Аналогичная историческая амнезия характерна для споров об иммиграции. Многие критики мультикультурализма считают современную европейскую иммиграцию чем-то уникальным. Так журналист Кристофер Колдуэлл (Christopher Caldwell) в своей книге «Размышления о революции в Европе» (Reflections on the Revolution in Europe) отмечал, что до Второй мировой войны иммигранты в европейских странах обычно тоже были европейцами и поэтому легко ассимилировались. «Называть перемещения внутри Европы словом “иммиграция”, — утверждает Колдуэлл, — почти то же самое, что говорить об “иммигрантах” в Калифорнию из Нью-Йорка». По мнению Колдуэлла, довоенная внутриевропейская иммиграция была непохожа на послевоенную иммиграцию из неевропейских регионов, так как «иммигранты из соседних стран не вызывают опасных вопросов: “Как они впишутся в наше общество?” “Действительно ли они стремятся к ассимиляции?” и — что самое главное — “Кому они лояльны на самом деле?”»
Однако до войны в самых разных европейских странах иммигранты сталкивались именно с такими вопросами.

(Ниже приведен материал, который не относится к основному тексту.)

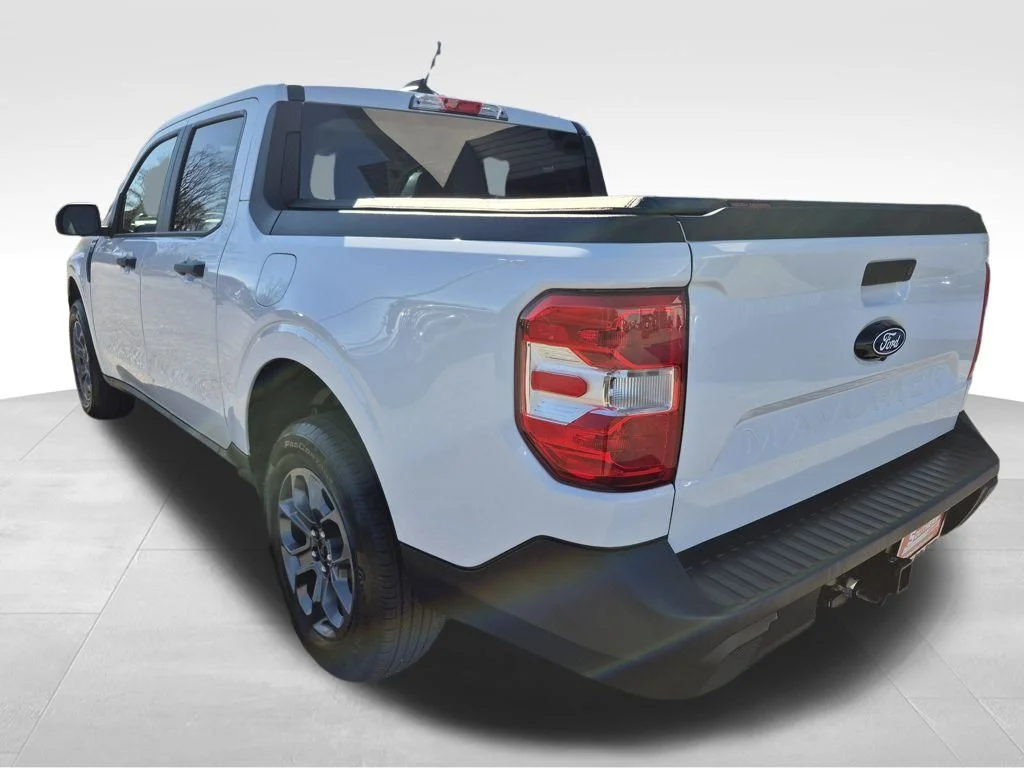 Used 2025 White Ford XLT image 4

Специалист по французской культуре Макс Силверман (Max Silverman) называет представления о том, что до Второй мировой войны Франция легко ассимилировала иммигрантов-европейцев, «ретроспективной иллюзией». То же самое относится и к Британии. В 1903 году британцы, дававшие показания Королевской комиссии по иммиграции, выражали опасения, что их новые сограждане «предпочтут жить в соответствии со своими традициями, обычаями и привычками». Многие также опасались, что, по выражению журналиста Дж. Л. Сильвера (J. L. Silver), «в Англии привьются нездоровые, развращенные и порочные европейские тенденции». Первый в британской истории иммиграционный закон — Акт об иностранцах 1905 года — был принят в первую очередь для того, чтобы ограничить приток в страну европейских евреев. Без этого закона, говорил премьер-министр Артур Бальфур (Arthur Balfour) «британская «нация не сможет остаться прежней и наши наследники через много лет не станут той нацией, которой мы хотели бы их видеть». Все это очень напоминает современные опасения.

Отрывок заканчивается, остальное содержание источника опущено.